Heavy rainfalls hit Serbia in May causing unprecedented floods which killed 34 people and forced 32,000 people to evacuate their homes. The flood also inundated two coal mines, knocking out around 40% of Serbia's energy supply. Post-disaster needs were valued at 1,345 million EUR, of which 403 million EUR (30 per cent of the total) refer to recovery activities, and 942 million EUR (70 per cent) are reconstruction needs.

Helen Clark, together with the Deputy Prime Minister, Minister of Construction, Transport and Infrastructure, Zorana Mihajlović, visited Smederevska Palanka, one of the six municipalities where UNDP is currently implementing a recovery project funded under the United Nations Central Emergency Response Fund (CERF) to support relief efforts in Serbia. This project is working to provide safe water to the 240,000 persons in these areas by the end of the month through the cleaning and repair of the sewage system.

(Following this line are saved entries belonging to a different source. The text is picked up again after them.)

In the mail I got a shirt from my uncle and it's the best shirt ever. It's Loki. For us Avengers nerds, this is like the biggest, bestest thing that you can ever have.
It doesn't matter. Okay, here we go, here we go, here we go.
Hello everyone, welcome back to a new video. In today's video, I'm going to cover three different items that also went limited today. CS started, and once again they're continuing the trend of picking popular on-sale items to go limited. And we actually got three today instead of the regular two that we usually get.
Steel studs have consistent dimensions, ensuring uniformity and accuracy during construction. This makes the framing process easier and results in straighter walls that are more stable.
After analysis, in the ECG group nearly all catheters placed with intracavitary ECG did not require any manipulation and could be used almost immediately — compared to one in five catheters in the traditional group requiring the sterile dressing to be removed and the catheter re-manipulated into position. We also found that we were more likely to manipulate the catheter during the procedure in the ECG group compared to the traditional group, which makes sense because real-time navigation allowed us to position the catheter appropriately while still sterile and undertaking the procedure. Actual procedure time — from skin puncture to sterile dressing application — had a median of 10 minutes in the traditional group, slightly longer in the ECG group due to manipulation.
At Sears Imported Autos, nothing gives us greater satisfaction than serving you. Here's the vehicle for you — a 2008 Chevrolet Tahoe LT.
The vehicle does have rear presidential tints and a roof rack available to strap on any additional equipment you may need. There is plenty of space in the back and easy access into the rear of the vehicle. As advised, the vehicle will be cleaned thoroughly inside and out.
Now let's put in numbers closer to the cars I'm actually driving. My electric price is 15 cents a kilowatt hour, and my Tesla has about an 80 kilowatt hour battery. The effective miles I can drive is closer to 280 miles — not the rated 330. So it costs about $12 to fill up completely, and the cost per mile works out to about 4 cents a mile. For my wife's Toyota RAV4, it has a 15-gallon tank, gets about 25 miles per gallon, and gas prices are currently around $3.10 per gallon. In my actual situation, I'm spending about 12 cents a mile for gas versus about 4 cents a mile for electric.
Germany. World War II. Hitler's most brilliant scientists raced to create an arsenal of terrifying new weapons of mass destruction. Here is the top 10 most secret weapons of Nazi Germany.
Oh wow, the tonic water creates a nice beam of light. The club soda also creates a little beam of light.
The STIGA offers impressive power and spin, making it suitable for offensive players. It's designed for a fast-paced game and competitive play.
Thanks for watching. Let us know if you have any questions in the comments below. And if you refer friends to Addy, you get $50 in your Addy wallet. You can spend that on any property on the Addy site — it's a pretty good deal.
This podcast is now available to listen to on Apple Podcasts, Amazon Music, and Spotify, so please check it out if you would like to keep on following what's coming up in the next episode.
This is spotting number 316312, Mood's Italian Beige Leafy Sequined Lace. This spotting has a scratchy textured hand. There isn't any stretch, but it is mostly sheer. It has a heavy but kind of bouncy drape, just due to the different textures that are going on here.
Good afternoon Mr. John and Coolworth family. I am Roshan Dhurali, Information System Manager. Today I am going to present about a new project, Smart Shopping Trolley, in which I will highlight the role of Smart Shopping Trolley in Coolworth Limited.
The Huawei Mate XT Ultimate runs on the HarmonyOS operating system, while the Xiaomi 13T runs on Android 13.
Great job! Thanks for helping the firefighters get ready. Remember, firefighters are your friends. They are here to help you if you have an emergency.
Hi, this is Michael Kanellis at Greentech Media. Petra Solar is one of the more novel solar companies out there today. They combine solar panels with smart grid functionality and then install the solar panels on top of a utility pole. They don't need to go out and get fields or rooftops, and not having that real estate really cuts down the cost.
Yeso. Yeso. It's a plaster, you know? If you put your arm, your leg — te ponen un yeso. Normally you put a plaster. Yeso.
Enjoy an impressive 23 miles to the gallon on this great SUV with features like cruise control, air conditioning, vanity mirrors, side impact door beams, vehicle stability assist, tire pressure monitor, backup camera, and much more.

"I came to Serbia to see first-hand what has happened here, before going tomorrow to the international donors' conference in Brussels, said Helen Clark. As partners look into the needs here, I hope that will bring more international support for Serbia, on top of what has already come, to bolster its efforts to restore the economic and social conditions of the affected areas and to create a higher level of disaster resilience".

In addition to the CERF response, UNDP has started two additional recovery projects. One will tackle waste management and debris removal through a cash-for-work scheme whereby people affected by the floods will be directly involved in the rehabilitation of their community infrastructure and will get money in exchange for their work, improving their livelihoods. The second project will build new houses in the area.

During her two-day visit to Serbia, Helen Clark met the Prime Minister of Serbia, Aleksandar Vucic, the First Deputy Prime Minister and Minister of Foreign Affairs, Ivica Dacic, and representatives from diplomatic missions and civil society. In her meetings with government, she discussed expanding UNDP's partnership with the country to include post-disaster and climate change response, and to accompany Serbia in its journey to join the European Union.

UNDP has been working in Serbia since 2000 in the areas of democratic governance, social inclusion and energy and environment.